** WORKING DATA **
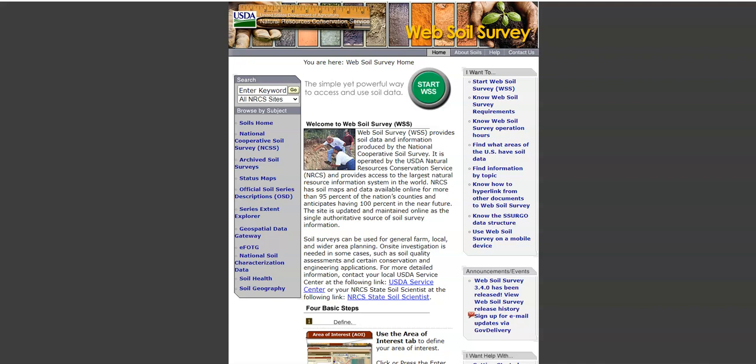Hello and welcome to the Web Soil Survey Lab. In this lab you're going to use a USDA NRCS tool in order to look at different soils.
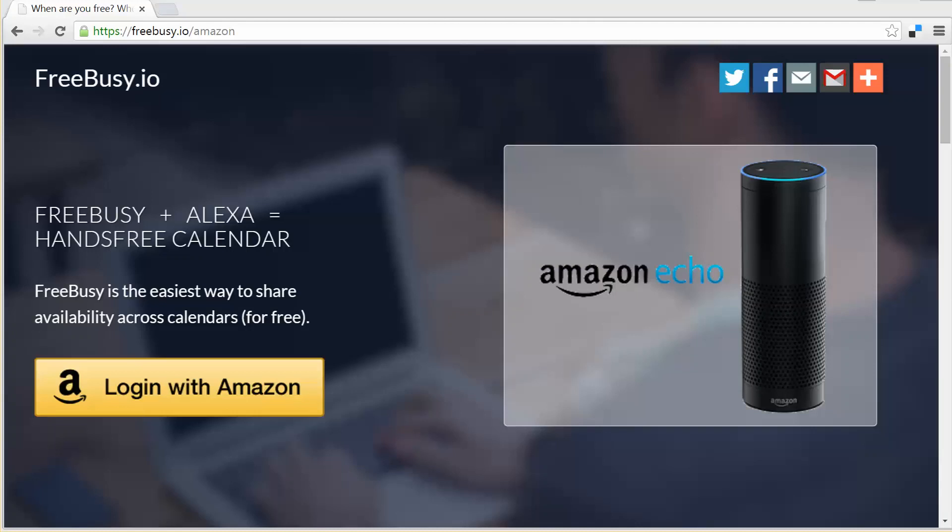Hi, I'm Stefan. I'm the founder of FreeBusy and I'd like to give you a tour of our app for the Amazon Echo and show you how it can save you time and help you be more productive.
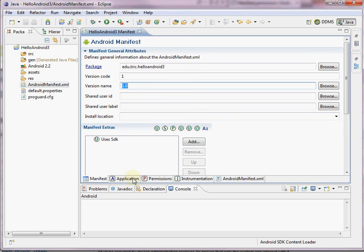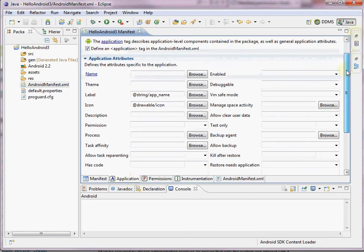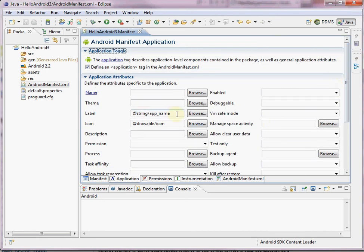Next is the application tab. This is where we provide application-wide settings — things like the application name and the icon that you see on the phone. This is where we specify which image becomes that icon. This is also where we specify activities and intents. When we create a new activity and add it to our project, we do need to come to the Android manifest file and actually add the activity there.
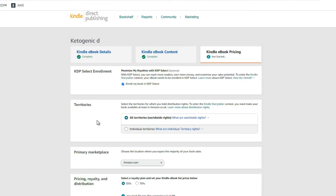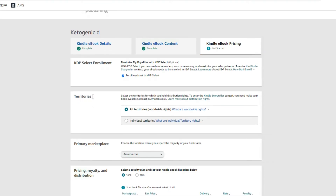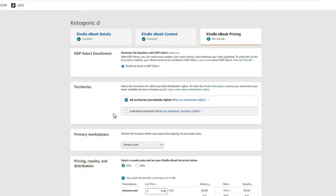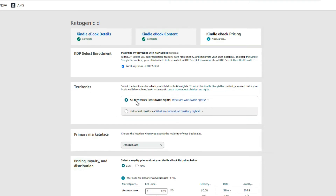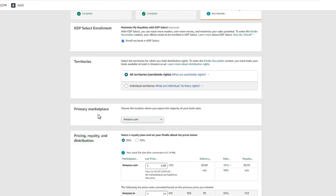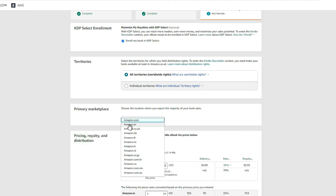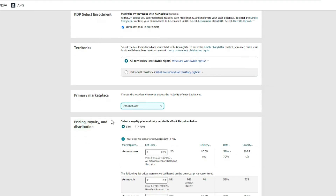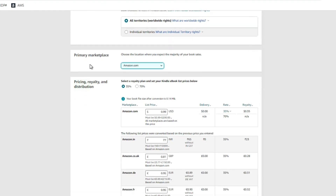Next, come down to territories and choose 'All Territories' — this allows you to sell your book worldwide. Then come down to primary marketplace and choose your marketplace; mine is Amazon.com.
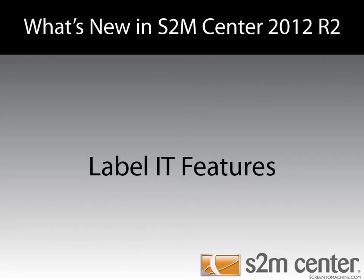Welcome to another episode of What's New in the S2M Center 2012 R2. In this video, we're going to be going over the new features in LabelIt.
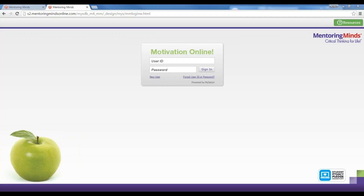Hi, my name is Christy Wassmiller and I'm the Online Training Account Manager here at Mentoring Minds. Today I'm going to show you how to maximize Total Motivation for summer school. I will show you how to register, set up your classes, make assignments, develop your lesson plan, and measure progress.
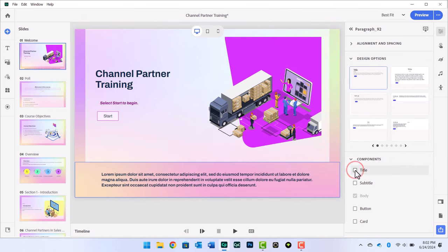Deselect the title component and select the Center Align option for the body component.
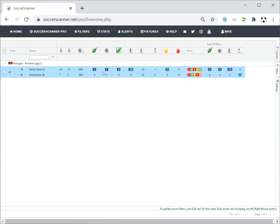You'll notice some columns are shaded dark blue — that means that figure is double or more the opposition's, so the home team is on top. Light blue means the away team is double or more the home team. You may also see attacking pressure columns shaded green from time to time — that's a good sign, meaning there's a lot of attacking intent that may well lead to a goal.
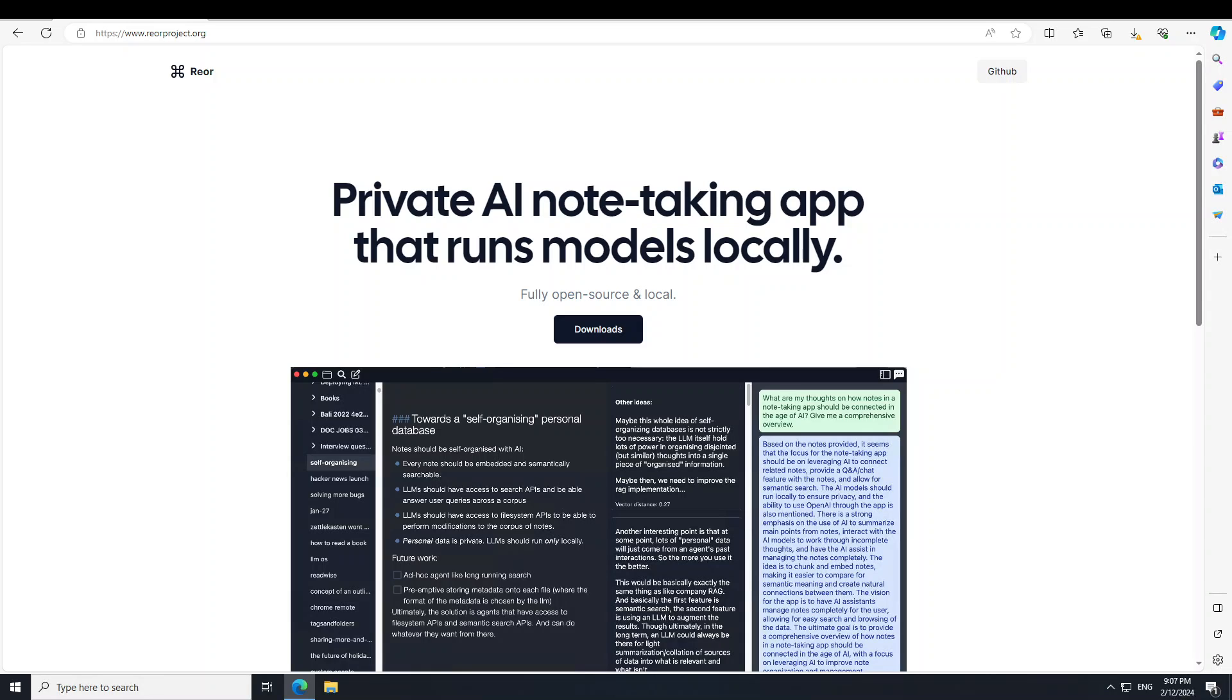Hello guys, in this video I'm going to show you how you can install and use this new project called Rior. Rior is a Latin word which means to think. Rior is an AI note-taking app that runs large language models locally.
...
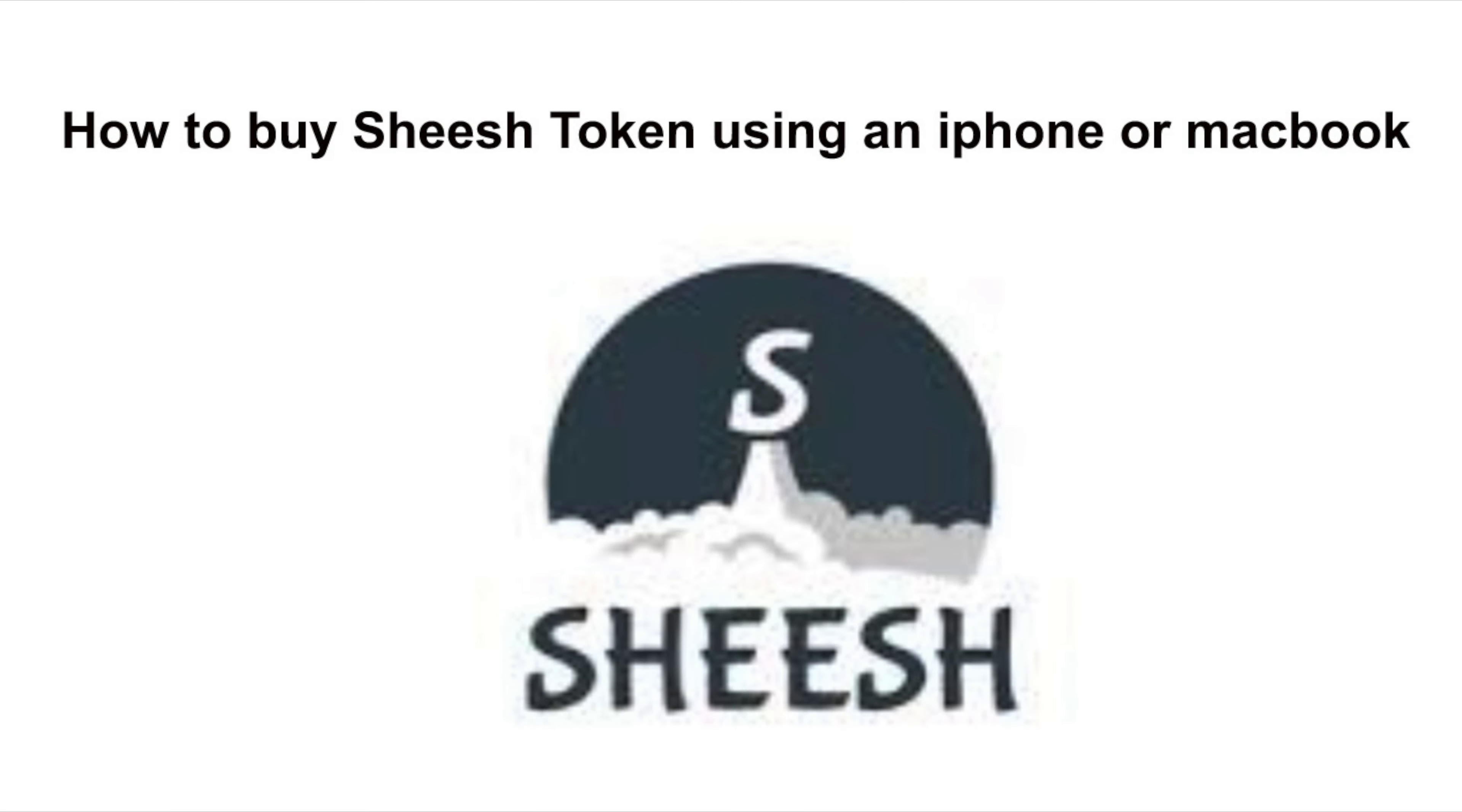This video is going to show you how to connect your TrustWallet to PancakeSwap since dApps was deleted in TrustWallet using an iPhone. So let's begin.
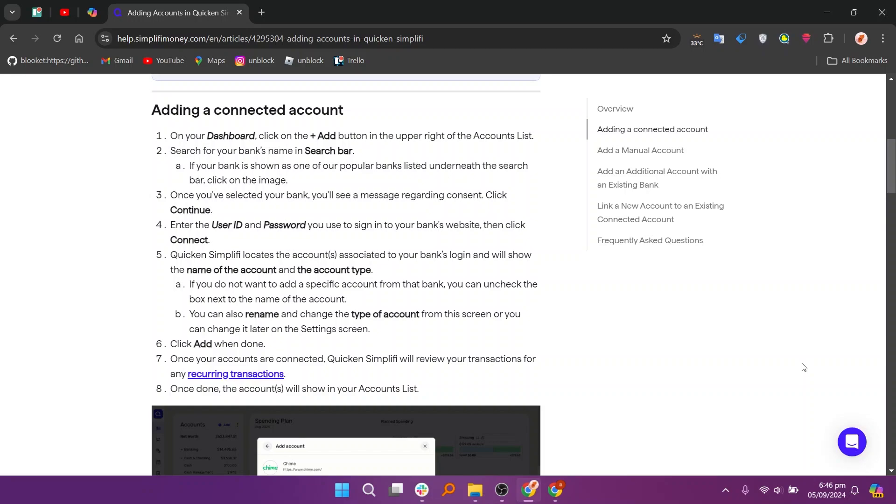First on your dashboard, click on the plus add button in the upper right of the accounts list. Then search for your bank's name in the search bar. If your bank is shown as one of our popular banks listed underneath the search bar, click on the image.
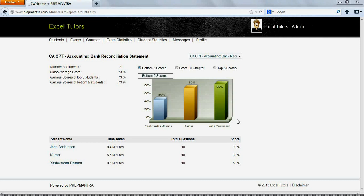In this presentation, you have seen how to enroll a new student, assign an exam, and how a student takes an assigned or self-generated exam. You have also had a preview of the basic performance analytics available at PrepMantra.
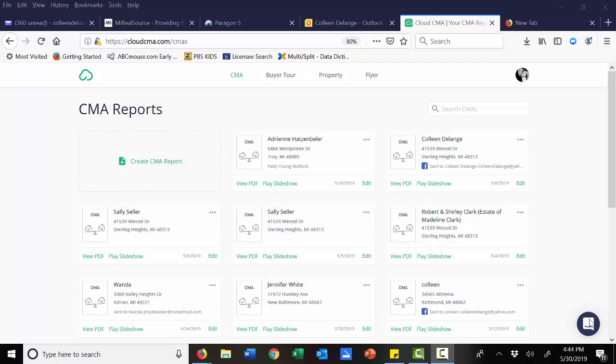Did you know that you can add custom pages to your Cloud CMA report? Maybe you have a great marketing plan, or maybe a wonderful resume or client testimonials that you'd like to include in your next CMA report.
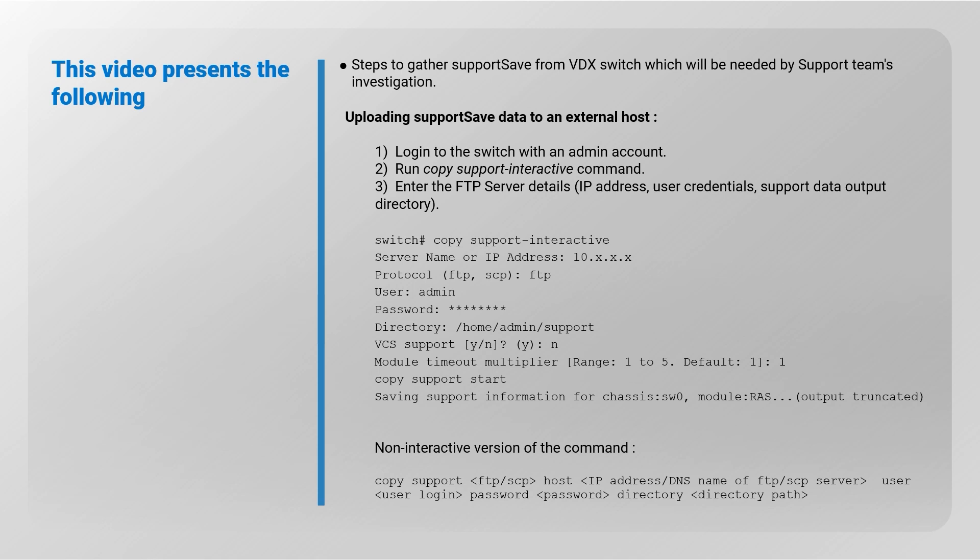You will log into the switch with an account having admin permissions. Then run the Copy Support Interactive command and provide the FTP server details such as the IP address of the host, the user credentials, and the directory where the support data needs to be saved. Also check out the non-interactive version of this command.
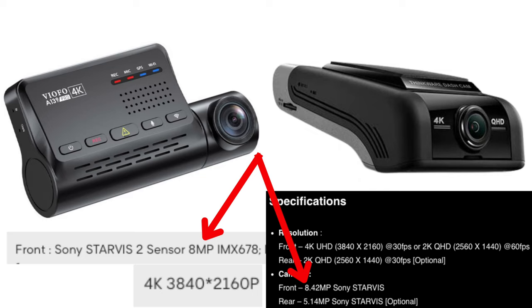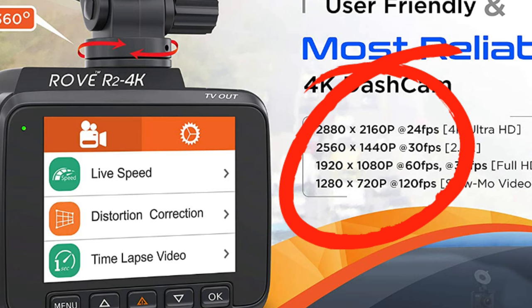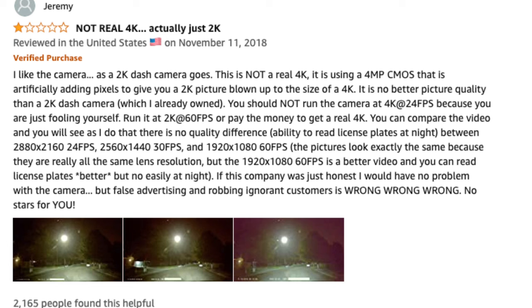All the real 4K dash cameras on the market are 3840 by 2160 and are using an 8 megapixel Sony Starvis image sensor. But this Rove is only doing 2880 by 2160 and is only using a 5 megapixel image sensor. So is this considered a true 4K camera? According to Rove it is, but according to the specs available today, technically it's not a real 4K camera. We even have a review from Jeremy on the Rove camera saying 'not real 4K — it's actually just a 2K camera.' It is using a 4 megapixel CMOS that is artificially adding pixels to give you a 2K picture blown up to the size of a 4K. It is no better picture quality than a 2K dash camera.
* * *
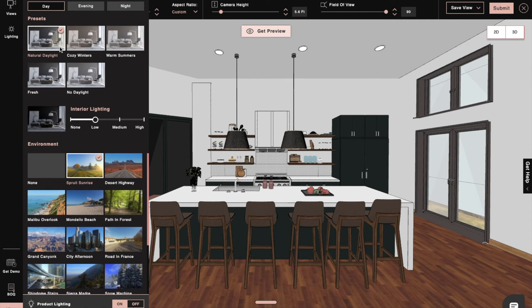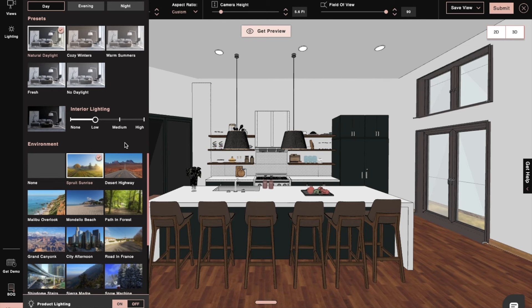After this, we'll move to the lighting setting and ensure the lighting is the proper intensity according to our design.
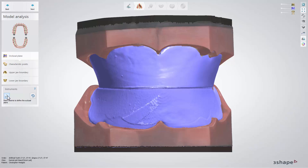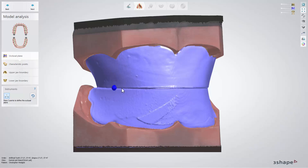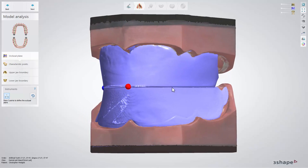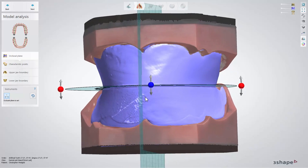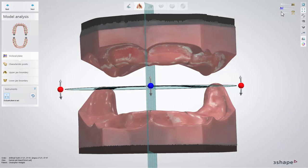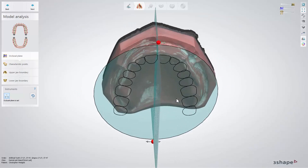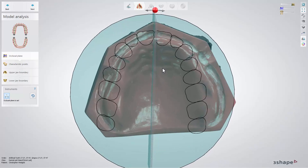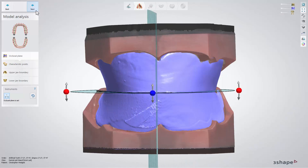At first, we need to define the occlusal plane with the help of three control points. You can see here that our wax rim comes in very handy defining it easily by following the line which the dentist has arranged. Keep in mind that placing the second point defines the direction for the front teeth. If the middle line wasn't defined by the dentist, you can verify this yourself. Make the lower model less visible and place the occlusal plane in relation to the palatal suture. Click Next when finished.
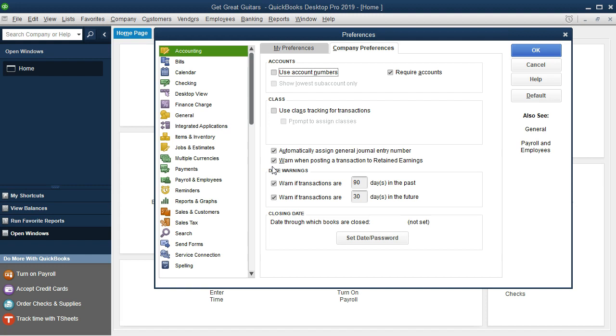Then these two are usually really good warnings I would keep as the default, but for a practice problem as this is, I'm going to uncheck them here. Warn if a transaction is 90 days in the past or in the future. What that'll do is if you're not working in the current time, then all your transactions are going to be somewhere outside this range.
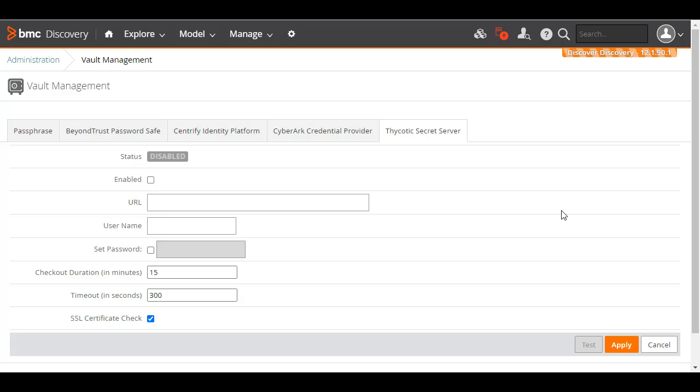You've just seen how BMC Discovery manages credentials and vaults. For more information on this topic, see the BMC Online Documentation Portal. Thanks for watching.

** WORK INSTRUCTIONS **
From the records above, copy exactly the lines starting at the one with "Next is the" and ending at the one with "Hi, my name", and no others. Pictures stay out.

** RESPONSE TO THIS TASK **
Next is the application tab. This is where we provide application-wide settings — things like the application name and the icon that you see on the phone. This is where we specify which image becomes that icon. This is also where we specify activities and intents. When we create a new activity and add it to our project, we do need to come to the Android manifest file and actually add the activity there.
Next, come down to territories and choose 'All Territories' — this allows you to sell your book worldwide. Then come down to primary marketplace and choose your marketplace; mine is Amazon.com.
Welcome to another episode of What's New in the S2M Center 2012 R2. In this video, we're going to be going over the new features in LabelIt.
Hi, my name is Christy Wassmiller and I'm the Online Training Account Manager here at Mentoring Minds. Today I'm going to show you how to maximize Total Motivation for summer school. I will show you how to register, set up your classes, make assignments, develop your lesson plan, and measure progress.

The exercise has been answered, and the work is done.